● **What is needed**: Write out, exactly and only, the lines that run from the top of the records to the line with "忤狀指|杵狀指原因是什麼？杵狀指是肺癌前兆？杵狀指照片、。". Include both ends; exclude pictures.

● **Information given**:
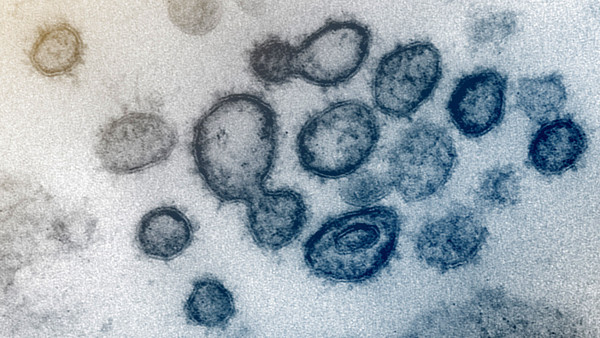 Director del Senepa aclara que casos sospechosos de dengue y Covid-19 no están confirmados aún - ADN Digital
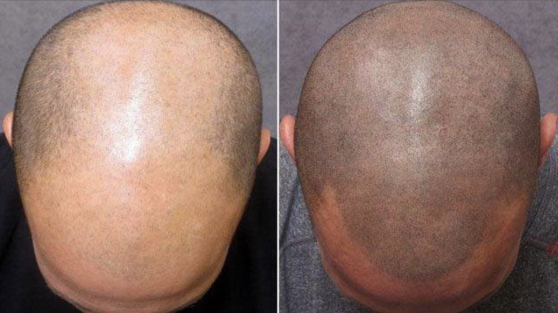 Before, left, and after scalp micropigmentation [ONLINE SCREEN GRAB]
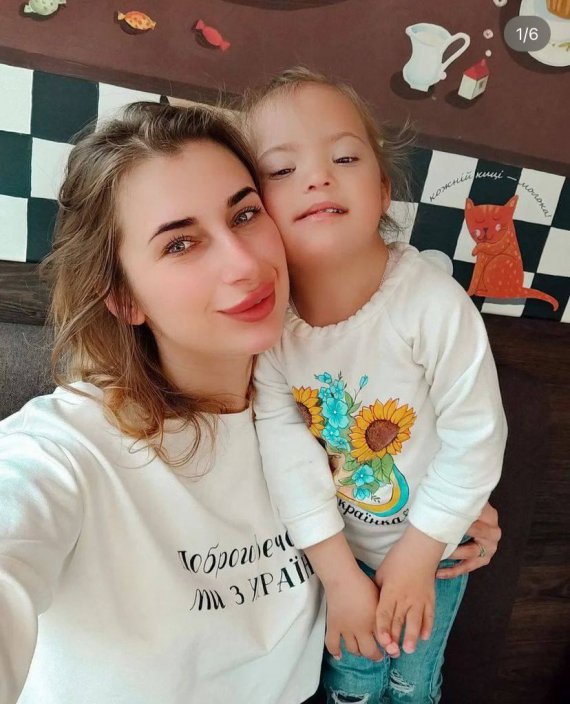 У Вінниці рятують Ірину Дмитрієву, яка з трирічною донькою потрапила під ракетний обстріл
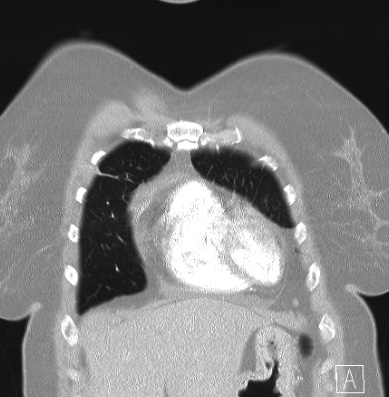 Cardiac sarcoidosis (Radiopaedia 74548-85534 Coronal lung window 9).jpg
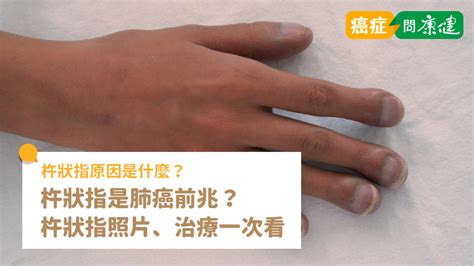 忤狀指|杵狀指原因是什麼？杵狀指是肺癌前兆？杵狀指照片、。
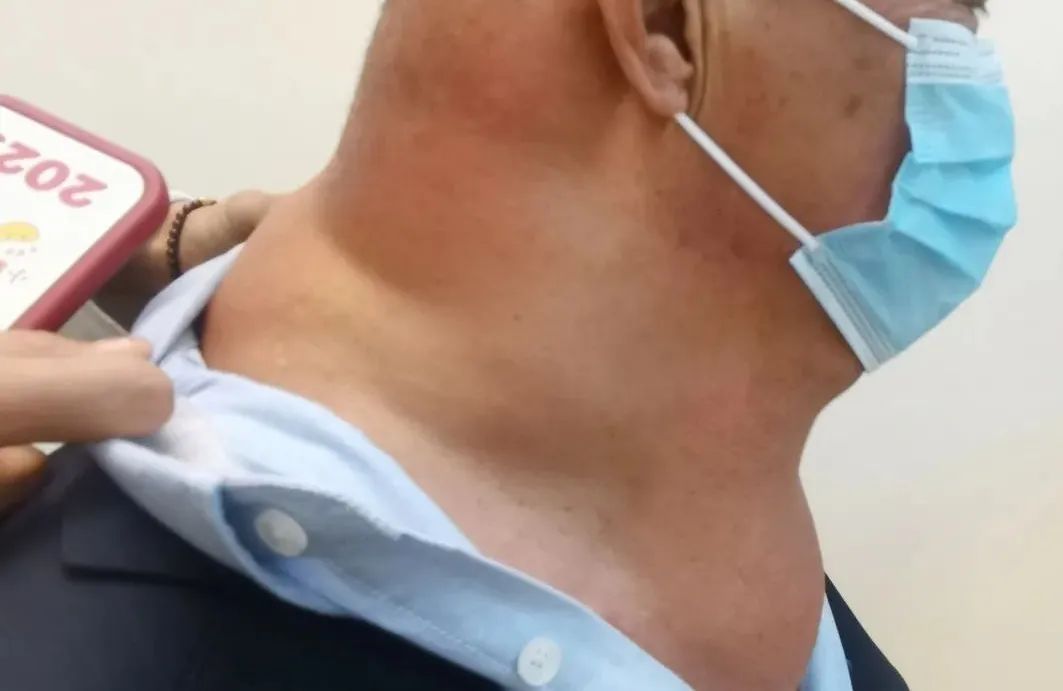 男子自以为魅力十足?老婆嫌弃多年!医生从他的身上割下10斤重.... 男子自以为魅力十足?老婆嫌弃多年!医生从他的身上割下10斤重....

● **Written answer**:
 Director del Senepa aclara que casos sospechosos de dengue y Covid-19 no están confirmados aún - ADN Digital
 Before, left, and after scalp micropigmentation [ONLINE SCREEN GRAB]
 У Вінниці рятують Ірину Дмитрієву, яка з трирічною донькою потрапила під ракетний обстріл
 Cardiac sarcoidosis (Radiopaedia 74548-85534 Coronal lung window 9).jpg
 忤狀指|杵狀指原因是什麼？杵狀指是肺癌前兆？杵狀指照片、。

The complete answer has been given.